(Beginning of Excerpted data)

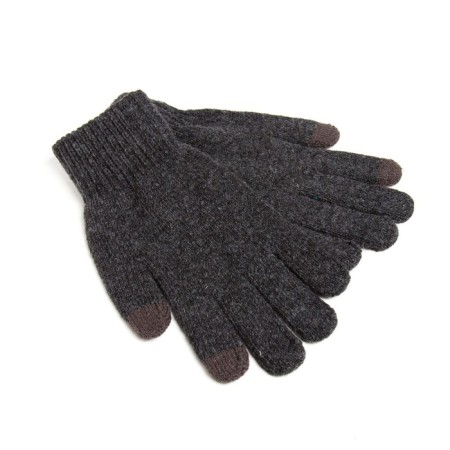 Men's gloves minku is plain, col. Gray, rr 9-10 (22-24 cm)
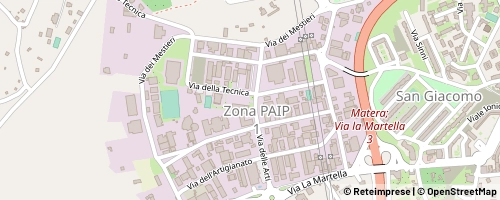 Mappa Matera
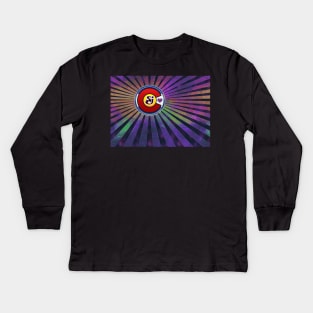 String Cheese Incident Colorado Love Psychedelic Galaxy Kids Long Sleeve T-Shirt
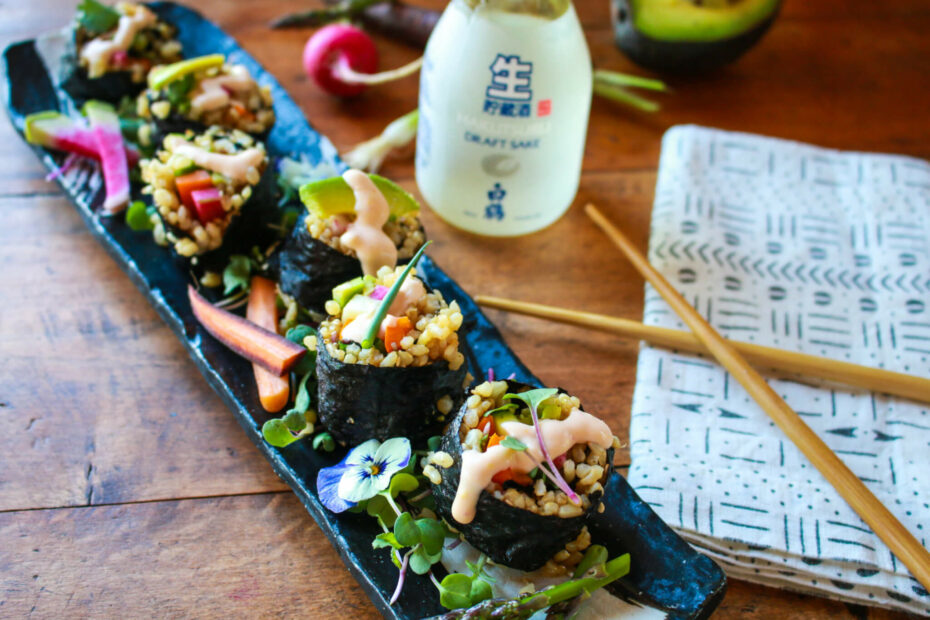 Farmers Market Vegetable Sushi - Sharon Palmer, The Plant Powered Dietitian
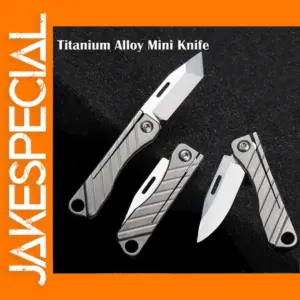 Titanium Alloy Mini Folding Knife EDC Tool
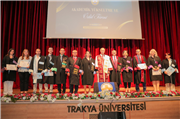 TRAKYA ÜNİVERSİTESİNDE AKADEMİK YÜKSELTME VE ÖDÜL TÖRENİ GERÇEKLEŞTİRİLDİ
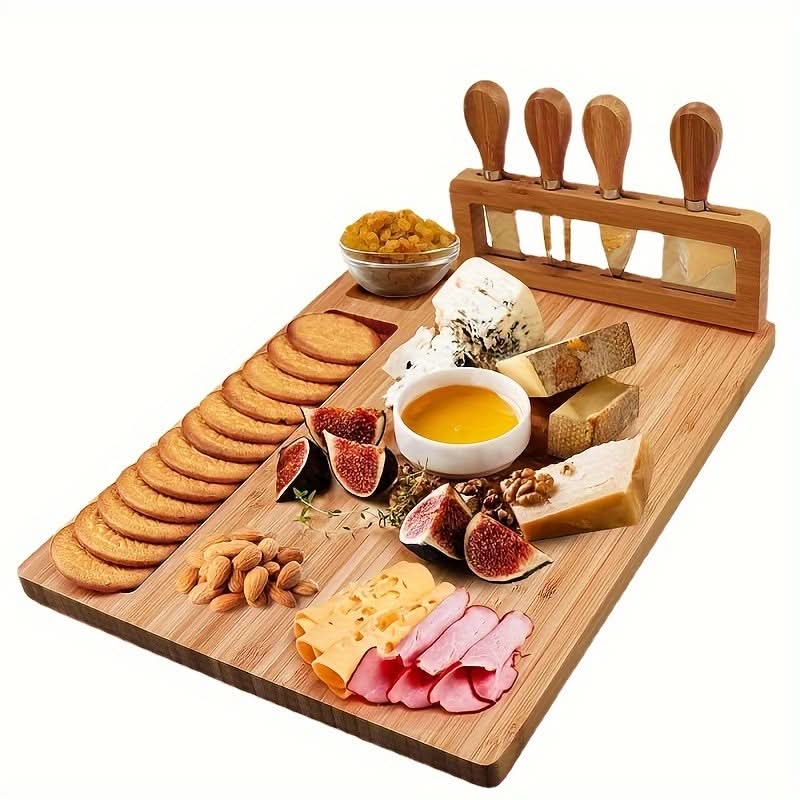 Cheese & Charcuterie Board Bamboo Cutting & Serving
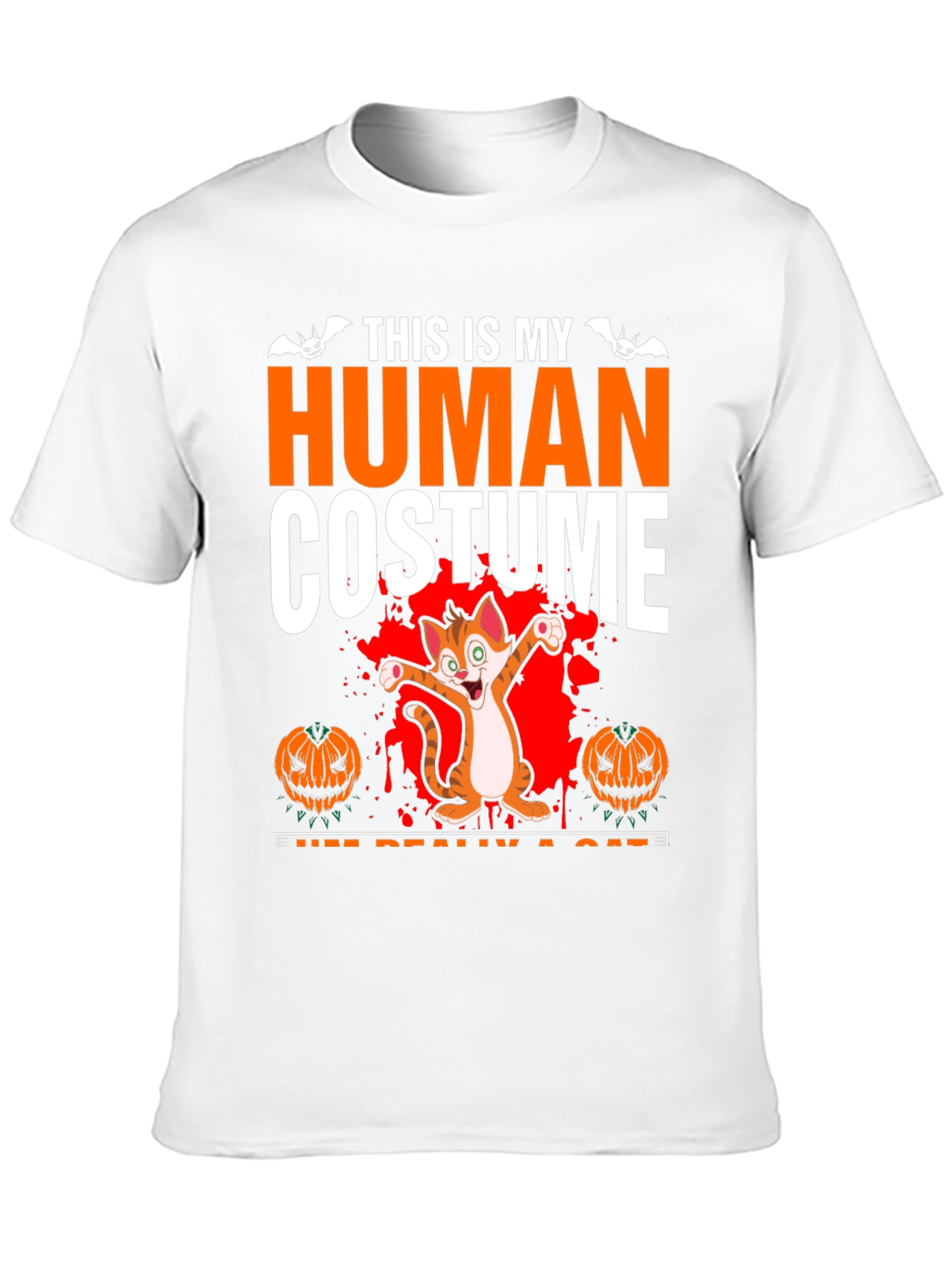 Human Costume Cat Halloween T-Shirt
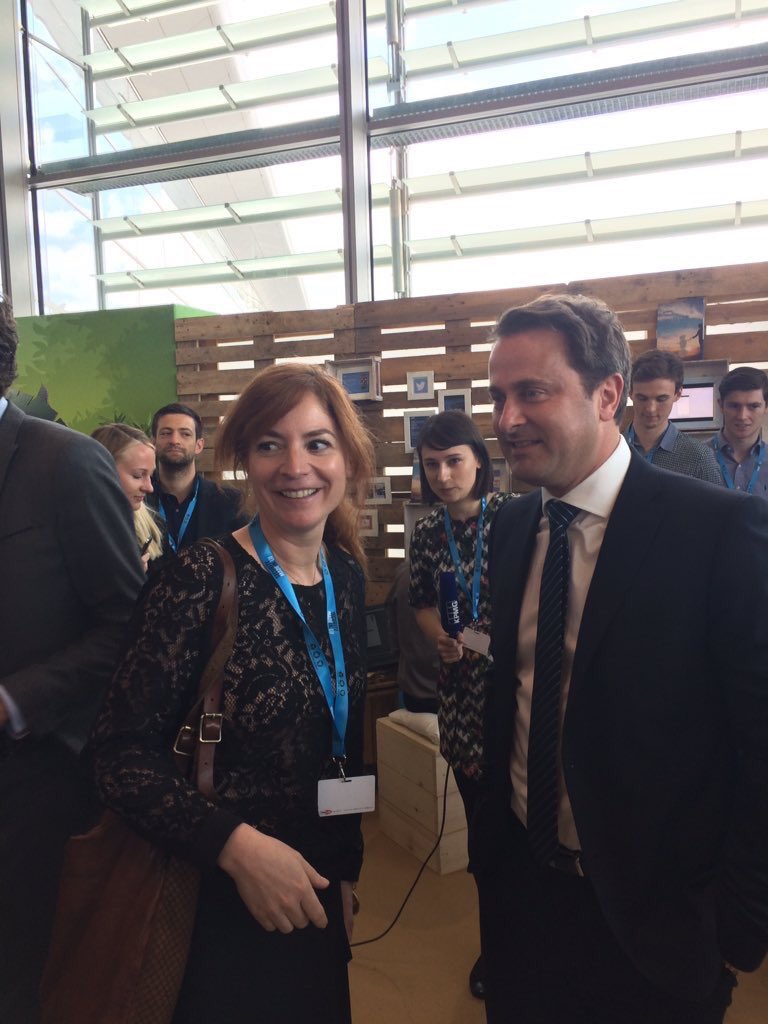 DigiLuxembourg's tweet photo. Prime Minister @Xavier_Bettel visting #ICTSpring https://t.co/OJNsfHmpuO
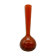 Vase soliflore rouge bordeaux vintage années 70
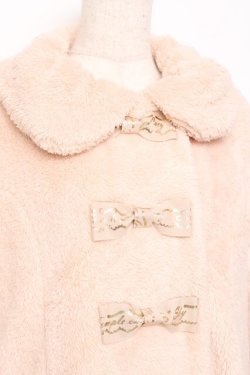 画像3: Emily Temple cute / リボンプリントファーブルゾン  ベージュ Y-25-11-15-116-ET-CO-SZ-ZY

(End of Excerpted data)

■ Your objective
All that should be printed is the run of lines above from the one with "Cheese & Charcuterie" through the one with "Vase soliflore rouge", both included, exactly as given, with pictures left out.

■ Response
 Cheese & Charcuterie Board Bamboo Cutting & Serving
 Human Costume Cat Halloween T-Shirt
 DigiLuxembourg's tweet photo. Prime Minister @Xavier_Bettel visting #ICTSpring https://t.co/OJNsfHmpuO
 Vase soliflore rouge bordeaux vintage années 70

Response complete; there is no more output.